Listed records:
- - - - - - -

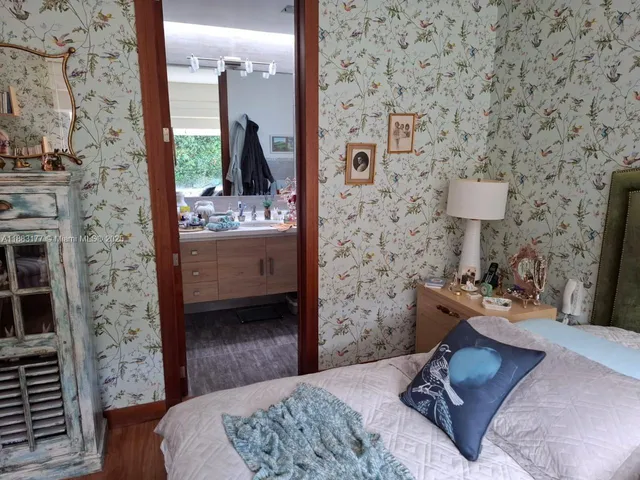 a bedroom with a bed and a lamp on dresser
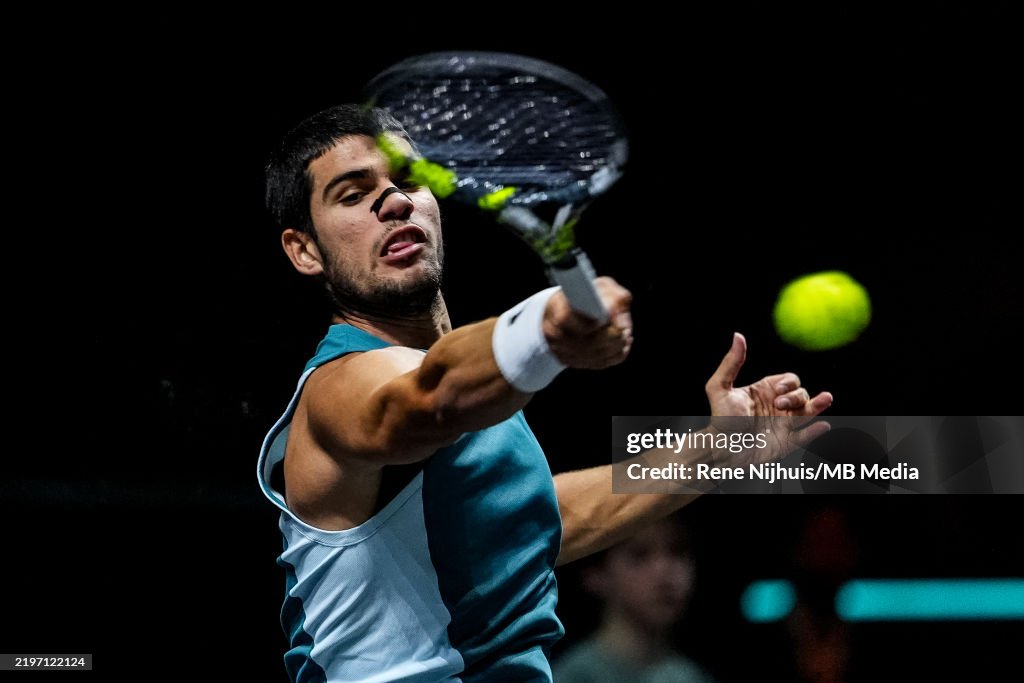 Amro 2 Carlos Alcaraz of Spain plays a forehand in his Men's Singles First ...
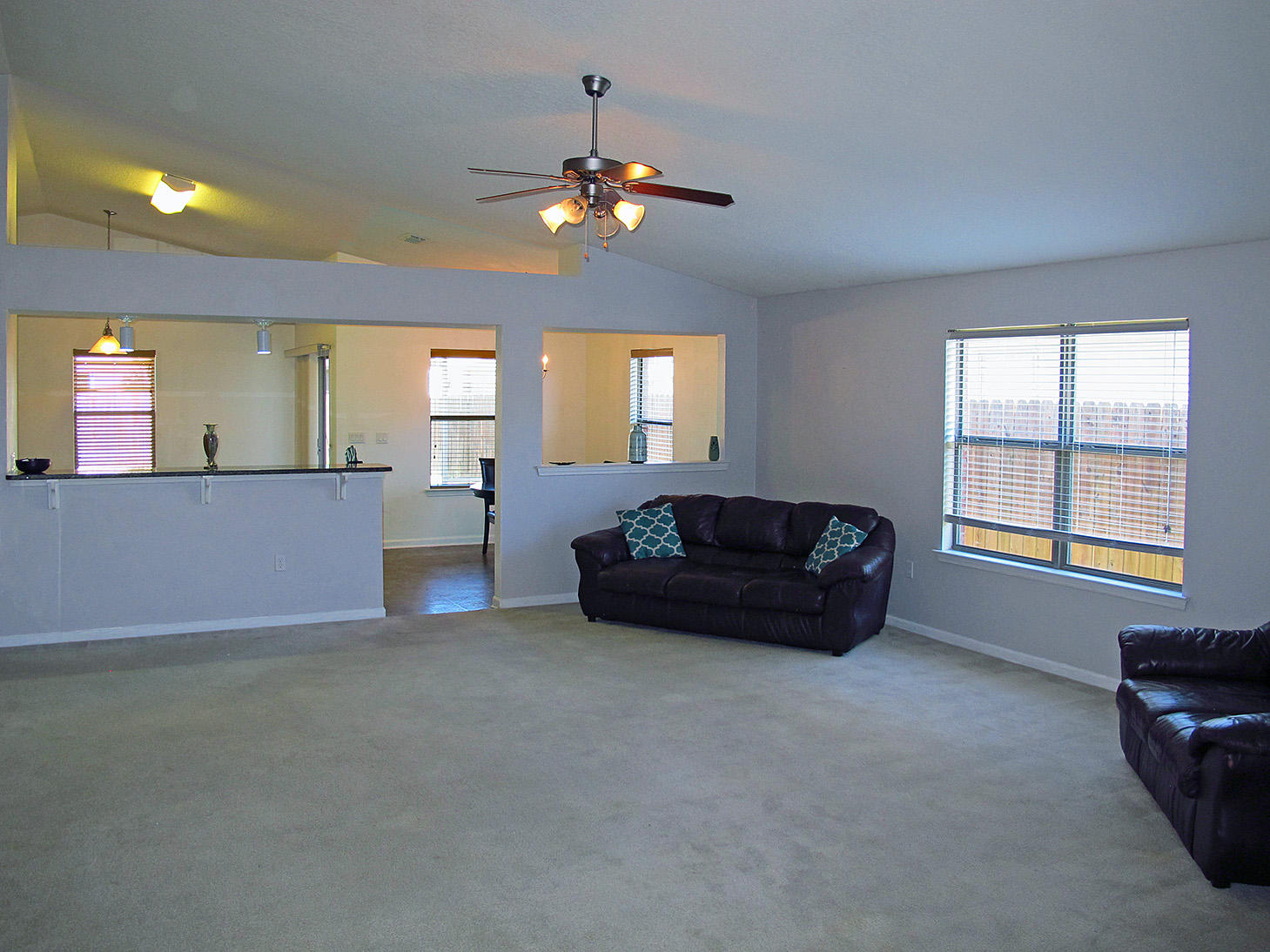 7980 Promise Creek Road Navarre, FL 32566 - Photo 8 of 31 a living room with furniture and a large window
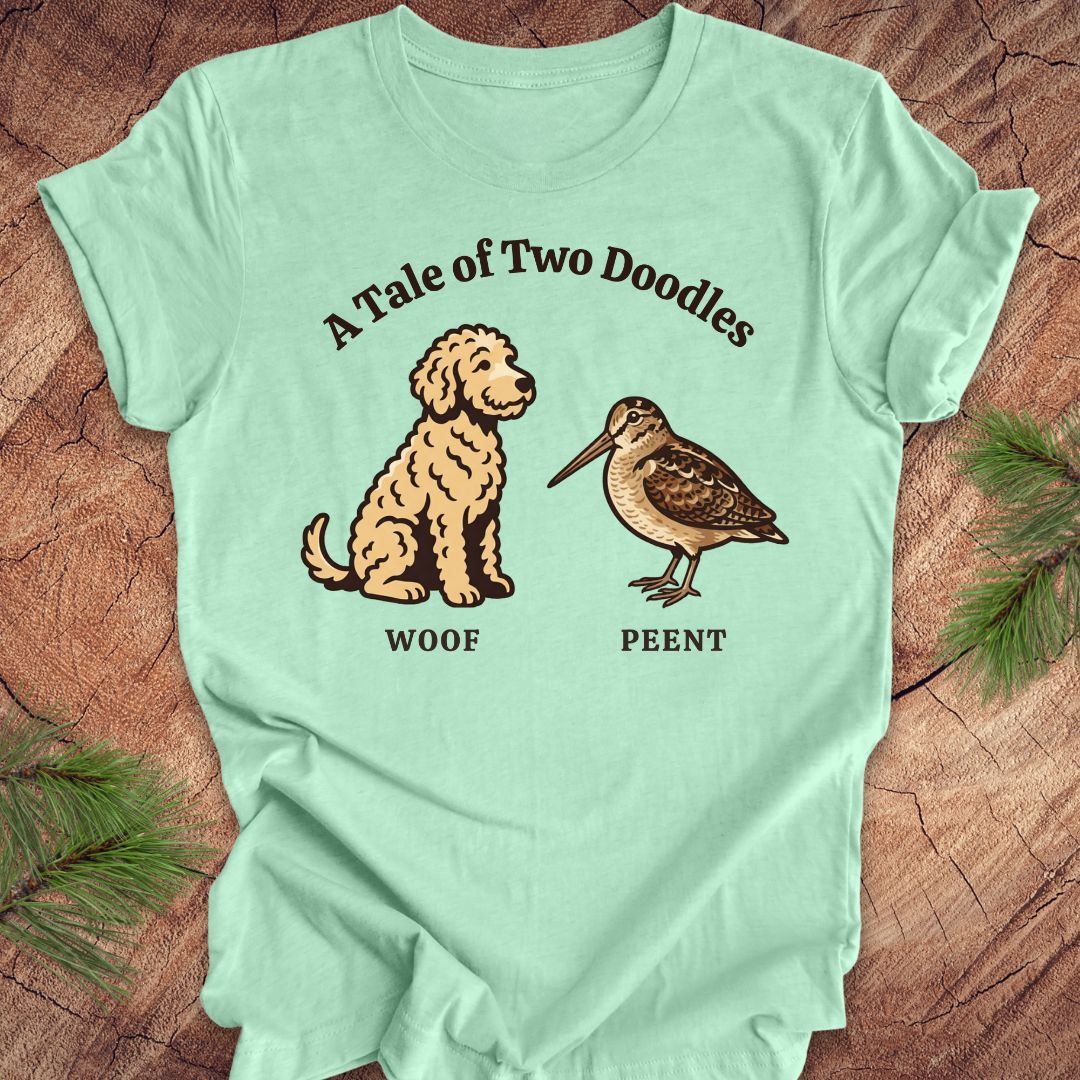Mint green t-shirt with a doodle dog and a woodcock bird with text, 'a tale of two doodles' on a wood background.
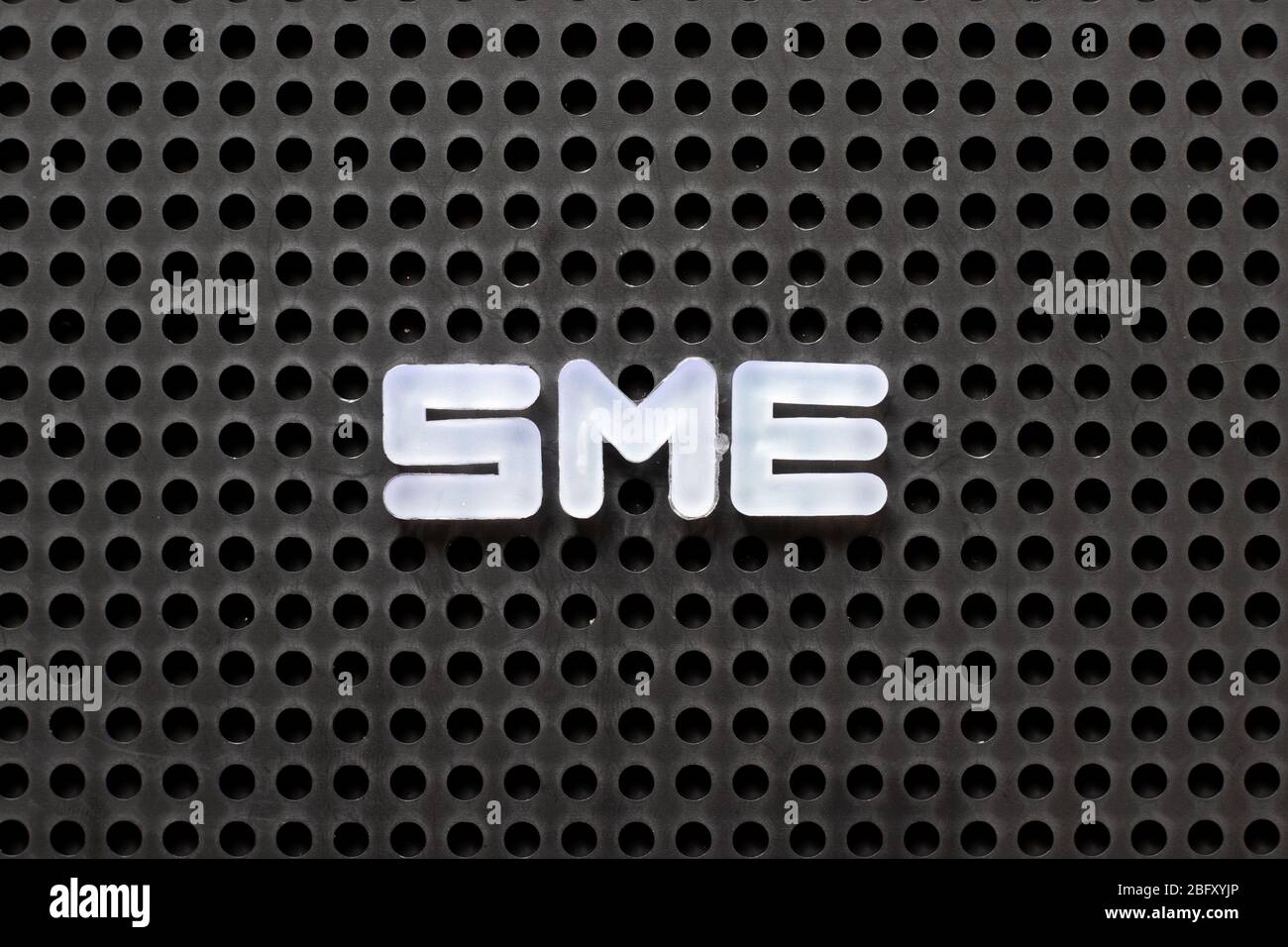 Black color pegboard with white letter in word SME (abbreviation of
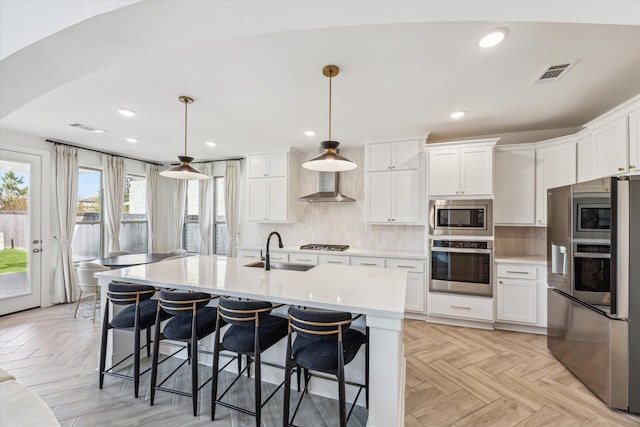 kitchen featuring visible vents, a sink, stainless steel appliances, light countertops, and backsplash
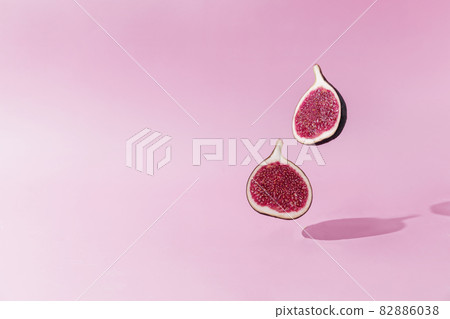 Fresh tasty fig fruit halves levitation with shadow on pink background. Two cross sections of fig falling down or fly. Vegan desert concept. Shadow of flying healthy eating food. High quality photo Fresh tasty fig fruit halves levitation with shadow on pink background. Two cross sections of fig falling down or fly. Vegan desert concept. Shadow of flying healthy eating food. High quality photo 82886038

- - - - - - -

What to do: Everything in the data except the pictures must be retyped exactly.

Response box:
 a bedroom with a bed and a lamp on dresser
 Amro 2 Carlos Alcaraz of Spain plays a forehand in his Men's Singles First ...
 7980 Promise Creek Road Navarre, FL 32566 - Photo 8 of 31 a living room with furniture and a large window
Mint green t-shirt with a doodle dog and a woodcock bird with text, 'a tale of two doodles' on a wood background.
 Black color pegboard with white letter in word SME (abbreviation of
 kitchen featuring visible vents, a sink, stainless steel appliances, light countertops, and backsplash
 Fresh tasty fig fruit halves levitation with shadow on pink background. Two cross sections of fig falling down or fly. Vegan desert concept. Shadow of flying healthy eating food. High quality photo Fresh tasty fig fruit halves levitation with shadow on pink background. Two cross sections of fig falling down or fly. Vegan desert concept. Shadow of flying healthy eating food. High quality photo 82886038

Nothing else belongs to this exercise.